Impossible d’énumérer tous les aspects de la réforme imaginée par le gouvernement, nous en épinglerons deux particulièrement exemplatifs des intentions de l’Exécutif.
Si le projet est voté, les schémas directeurs pourront désormais avoir une valeur légale contraignante, tout en dérogeant aux plans supérieurs comme le Plan Régional de Développement Durable ou le Plan Régional d’Affectation du Sol, et ceci à la discrétion exclusive du gouvernement. Pire, le gouvernement pourra même décider de supprimer une éventuelle étude rapport d’incidences s’il considère qu’elle il n’est pas nécessaire, pour autant qu’il reçoive l’approbation de l’administration régionale (par définition à ses ordres) et de la Commission Régionale de Développement (CRD), elle-même soumise à une réforme qui l’assujettira davantage aux désirs de l’Exécutif.
Jusqu’ici en effet, la Commission Régionale de Développement est un conseil d’avis composé diversement de représentants de la société civile organisée. Il est en charge de donner son avis sur tout texte, réforme ou plan ayant une incidence notable sur le développement de la Région. Mais, sous prétexte qu’elle est déjà présente dans d’autres conseils d’avis (qui n’ont pourtant pas le même objet, aussi large et transversal), la société civile organisée n’y serait dorénavant plus représentée. Exit donc les débats pluralistes de la CRD sur le futur projet de Ville (le dernier PRD date de 2002) ainsi que sur toutes les propositions futures de l’exécutif en matière de plannification du territoire ! Cette "simplification" consisterait alors surtout à réduire les possibilités des citoyens bruxellois à prendre part à l’élaboration du projet urbain !

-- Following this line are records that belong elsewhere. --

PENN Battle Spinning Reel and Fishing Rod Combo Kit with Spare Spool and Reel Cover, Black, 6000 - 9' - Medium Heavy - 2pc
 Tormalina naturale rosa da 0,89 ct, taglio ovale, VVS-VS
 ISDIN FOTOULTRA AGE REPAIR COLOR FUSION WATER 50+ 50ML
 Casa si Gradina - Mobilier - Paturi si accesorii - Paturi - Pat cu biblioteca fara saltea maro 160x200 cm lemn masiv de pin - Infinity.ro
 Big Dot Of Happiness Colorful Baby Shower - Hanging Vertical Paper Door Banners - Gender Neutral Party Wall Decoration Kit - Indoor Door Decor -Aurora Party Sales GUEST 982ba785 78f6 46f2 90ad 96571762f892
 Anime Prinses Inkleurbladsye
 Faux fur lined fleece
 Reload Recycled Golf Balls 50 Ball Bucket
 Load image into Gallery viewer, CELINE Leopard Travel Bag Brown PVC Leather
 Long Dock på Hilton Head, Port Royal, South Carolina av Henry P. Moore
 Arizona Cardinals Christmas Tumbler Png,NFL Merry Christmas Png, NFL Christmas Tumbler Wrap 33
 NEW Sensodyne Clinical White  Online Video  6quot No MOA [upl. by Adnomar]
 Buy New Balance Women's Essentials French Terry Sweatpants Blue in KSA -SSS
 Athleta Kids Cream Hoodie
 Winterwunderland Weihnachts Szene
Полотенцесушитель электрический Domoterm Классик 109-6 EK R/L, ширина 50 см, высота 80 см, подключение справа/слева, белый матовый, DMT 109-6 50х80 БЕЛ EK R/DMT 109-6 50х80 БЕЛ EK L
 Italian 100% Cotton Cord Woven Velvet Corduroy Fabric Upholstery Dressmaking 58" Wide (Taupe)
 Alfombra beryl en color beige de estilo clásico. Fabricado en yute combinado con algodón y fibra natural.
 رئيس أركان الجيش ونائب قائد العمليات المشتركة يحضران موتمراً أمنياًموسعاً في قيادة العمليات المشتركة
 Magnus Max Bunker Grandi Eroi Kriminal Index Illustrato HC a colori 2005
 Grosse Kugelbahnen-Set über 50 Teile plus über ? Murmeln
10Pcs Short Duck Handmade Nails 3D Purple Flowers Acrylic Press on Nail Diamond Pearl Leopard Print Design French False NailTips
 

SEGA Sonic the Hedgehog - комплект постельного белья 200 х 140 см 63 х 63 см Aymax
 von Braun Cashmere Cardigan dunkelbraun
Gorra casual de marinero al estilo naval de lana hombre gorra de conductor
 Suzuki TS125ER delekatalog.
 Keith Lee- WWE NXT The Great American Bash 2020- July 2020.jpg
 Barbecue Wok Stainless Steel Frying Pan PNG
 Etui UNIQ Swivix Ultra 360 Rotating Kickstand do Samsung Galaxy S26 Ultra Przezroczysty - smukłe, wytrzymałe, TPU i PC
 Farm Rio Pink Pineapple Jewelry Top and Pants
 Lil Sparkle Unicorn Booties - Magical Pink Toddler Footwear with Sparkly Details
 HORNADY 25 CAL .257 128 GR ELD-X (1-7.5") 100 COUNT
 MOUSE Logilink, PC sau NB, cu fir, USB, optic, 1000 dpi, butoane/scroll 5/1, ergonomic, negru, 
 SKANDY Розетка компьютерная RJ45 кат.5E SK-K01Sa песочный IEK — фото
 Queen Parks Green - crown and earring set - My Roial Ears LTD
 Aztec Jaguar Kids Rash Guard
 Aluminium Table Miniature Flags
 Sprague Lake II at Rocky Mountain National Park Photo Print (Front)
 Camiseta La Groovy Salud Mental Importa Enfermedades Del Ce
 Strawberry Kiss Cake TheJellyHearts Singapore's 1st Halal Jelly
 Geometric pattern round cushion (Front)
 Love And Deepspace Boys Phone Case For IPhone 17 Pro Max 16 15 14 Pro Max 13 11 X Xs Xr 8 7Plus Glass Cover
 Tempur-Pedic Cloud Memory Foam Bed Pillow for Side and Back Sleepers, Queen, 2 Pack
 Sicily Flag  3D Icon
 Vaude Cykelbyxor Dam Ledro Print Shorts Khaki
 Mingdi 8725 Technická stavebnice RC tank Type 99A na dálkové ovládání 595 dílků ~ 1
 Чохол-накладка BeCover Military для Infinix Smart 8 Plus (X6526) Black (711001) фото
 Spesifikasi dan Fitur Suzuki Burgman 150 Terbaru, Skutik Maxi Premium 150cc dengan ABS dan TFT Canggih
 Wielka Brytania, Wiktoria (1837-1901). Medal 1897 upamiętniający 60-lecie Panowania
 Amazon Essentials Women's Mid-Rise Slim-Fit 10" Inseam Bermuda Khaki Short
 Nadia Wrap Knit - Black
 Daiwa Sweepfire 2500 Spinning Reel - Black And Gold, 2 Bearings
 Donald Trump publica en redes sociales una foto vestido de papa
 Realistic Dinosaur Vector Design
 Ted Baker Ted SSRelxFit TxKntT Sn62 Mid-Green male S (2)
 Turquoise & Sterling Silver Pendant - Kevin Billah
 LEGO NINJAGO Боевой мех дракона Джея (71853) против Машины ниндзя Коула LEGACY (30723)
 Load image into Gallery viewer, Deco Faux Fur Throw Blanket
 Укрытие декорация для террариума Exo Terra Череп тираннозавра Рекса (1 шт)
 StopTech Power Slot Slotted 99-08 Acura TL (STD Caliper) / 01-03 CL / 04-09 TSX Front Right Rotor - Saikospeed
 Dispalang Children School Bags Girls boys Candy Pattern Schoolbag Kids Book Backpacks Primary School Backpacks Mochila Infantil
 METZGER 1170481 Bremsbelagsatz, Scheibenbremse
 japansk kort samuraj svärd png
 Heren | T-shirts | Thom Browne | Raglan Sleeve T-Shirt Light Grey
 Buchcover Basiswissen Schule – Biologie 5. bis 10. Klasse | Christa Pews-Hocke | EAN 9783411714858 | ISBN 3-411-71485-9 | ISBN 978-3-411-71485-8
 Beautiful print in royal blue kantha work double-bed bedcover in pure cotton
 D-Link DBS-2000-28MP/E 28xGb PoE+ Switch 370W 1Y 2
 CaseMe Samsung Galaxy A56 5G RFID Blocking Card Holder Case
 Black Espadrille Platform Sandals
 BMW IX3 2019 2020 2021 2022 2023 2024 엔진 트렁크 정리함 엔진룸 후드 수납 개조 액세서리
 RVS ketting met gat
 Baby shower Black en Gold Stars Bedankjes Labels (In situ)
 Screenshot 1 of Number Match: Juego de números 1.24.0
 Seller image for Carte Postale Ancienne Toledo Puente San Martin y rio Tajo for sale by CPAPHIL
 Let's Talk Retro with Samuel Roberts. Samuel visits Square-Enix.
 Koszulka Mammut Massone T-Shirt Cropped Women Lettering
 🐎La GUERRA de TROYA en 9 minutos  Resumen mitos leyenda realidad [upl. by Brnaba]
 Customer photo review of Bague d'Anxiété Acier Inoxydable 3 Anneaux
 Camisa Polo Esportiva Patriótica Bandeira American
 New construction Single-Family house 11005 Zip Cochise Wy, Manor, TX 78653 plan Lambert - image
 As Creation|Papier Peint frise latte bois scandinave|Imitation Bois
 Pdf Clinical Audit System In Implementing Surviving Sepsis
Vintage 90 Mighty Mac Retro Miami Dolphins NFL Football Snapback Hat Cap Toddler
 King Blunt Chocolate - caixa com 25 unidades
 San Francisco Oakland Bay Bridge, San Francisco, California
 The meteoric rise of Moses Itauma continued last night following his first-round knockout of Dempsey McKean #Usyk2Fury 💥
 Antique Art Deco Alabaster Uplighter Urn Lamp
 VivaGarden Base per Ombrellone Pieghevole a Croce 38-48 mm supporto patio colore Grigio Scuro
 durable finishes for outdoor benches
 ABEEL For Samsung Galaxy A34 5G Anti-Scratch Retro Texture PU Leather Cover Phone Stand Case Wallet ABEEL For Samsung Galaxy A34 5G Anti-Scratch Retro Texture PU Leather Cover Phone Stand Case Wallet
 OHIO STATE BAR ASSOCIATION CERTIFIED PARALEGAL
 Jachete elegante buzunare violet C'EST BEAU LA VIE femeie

Avec cette nouvelle réforme, le gouvernement et singulièrement le Ministre-Président, exerçant sa tutelle sur l’aménagement du territoire mais aussi sur le bureau bruxellois de planification et sur la société d’aménagement urbain, mène à bien son projet de concentrer à l’extrême son pouvoir au détriment du Parlement, des administrations, de la société civile organisée et de ses habitants, sans même devoir proposer un projet pour la Région. Cette réforme démontre le peu de cas que fait le gouvernement de cette nécessité pourtant admise par tous les défenseurs de la démocratie de créer les conditions d’un dialogue sur l’avenir de la Région avec les habitants. Le gouvernement se contente du business as usual : « par votre vote, vous nous avez donné votre confiance, merci et rendez-vous dans 5 ans ! », au risque, de creuser encore plus le fossé qui le sépare de la vie (ou l’avis) de ses électeurs.